* **YOUR TASK**
Transcribe the lines below exactly, beginning with the line that holds "Мотошлем SOMAN SM961-S, STORM 17 black gray" and ending with the final line, both included. Pictures are to be left out.

------------------------

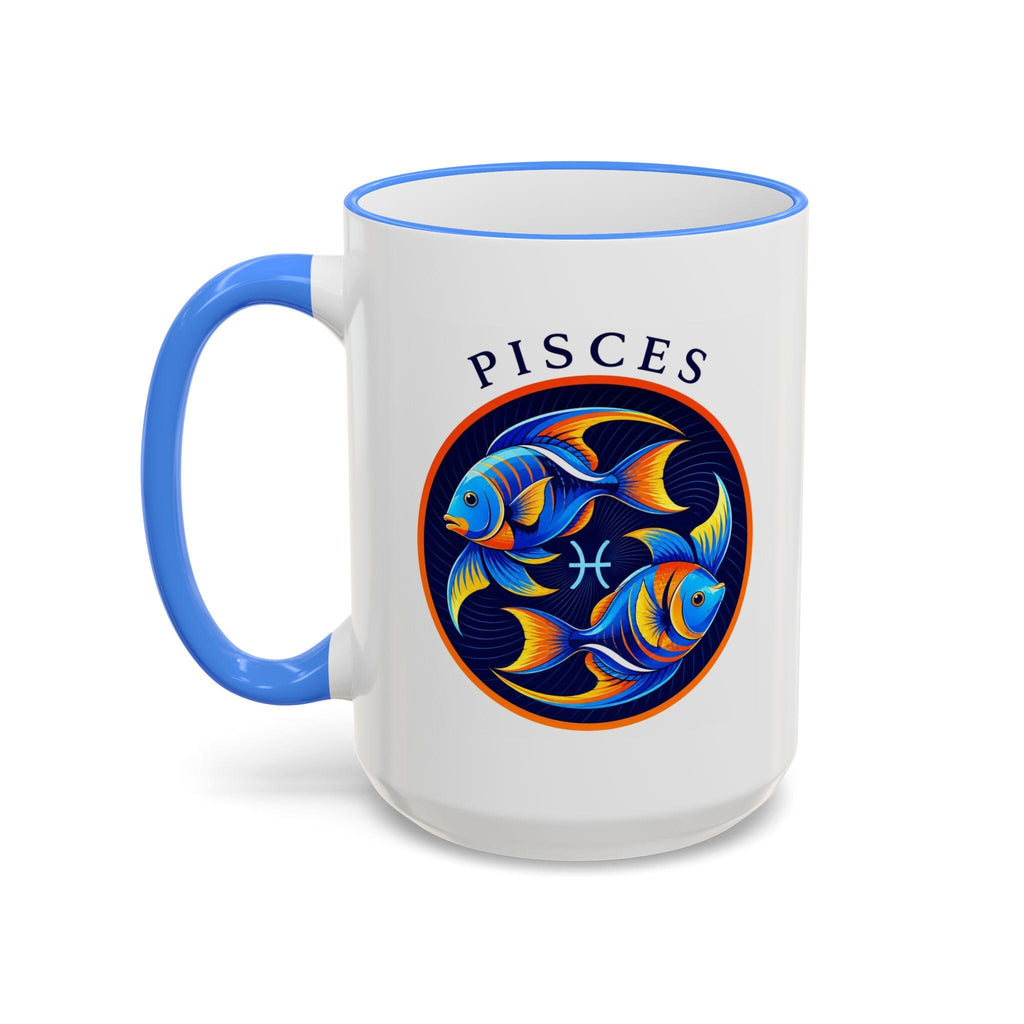 Pisces Fish Zodiac Illustration Mug | Accent Rim & Handle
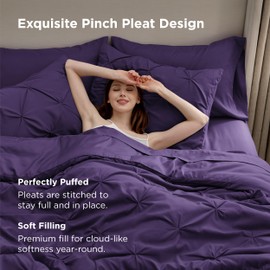 Bedsure King Size Comforter Set Purple - Bed in a Bag King Size 7 Pieces, GentleSoft™ Pintuck Bed Set Gift for Family, Pinch Pleat Purple Comforter with Sheets, Pillowcases & Shams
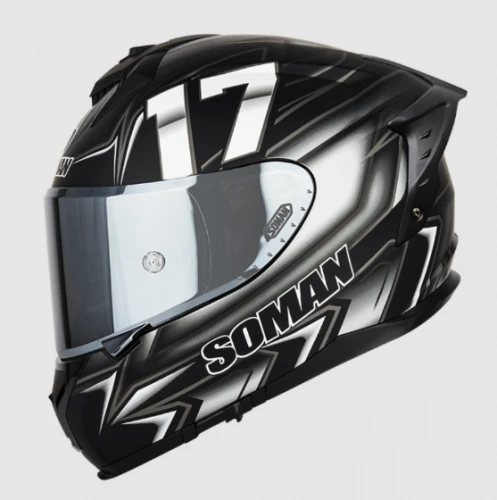 Мотошлем SOMAN SM961-S, STORM 17 black gray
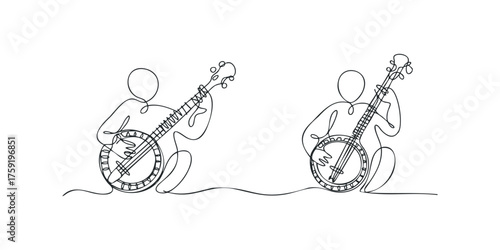 Person playing banjo one line drawing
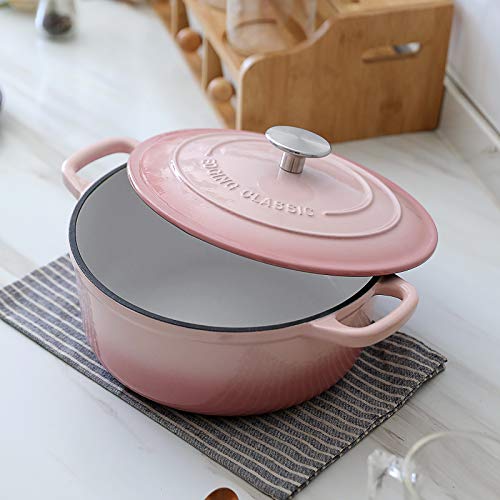 EDGING CASTING Enameled Cast Iron Covered Dutch Oven with Lid Round Pot for Bread Baking, 7 Quart, Pink - Image 3
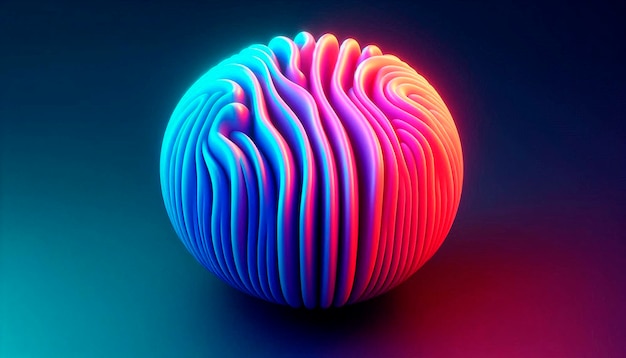 a colorful sphere with a blue and red lines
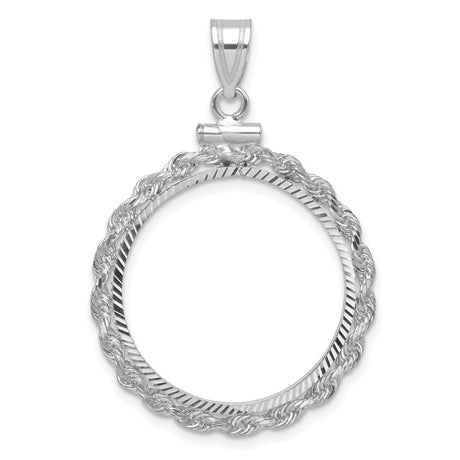 22 mm 14k White Gold coin bezel pendant for US $5 Liberty Head Half Eagle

------------------------

* **RESULT OF THIS EXERCISE**
 Мотошлем SOMAN SM961-S, STORM 17 black gray
 Person playing banjo one line drawing
 EDGING CASTING Enameled Cast Iron Covered Dutch Oven with Lid Round Pot for Bread Baking, 7 Quart, Pink - Image 3
 a colorful sphere with a blue and red lines
 22 mm 14k White Gold coin bezel pendant for US $5 Liberty Head Half Eagle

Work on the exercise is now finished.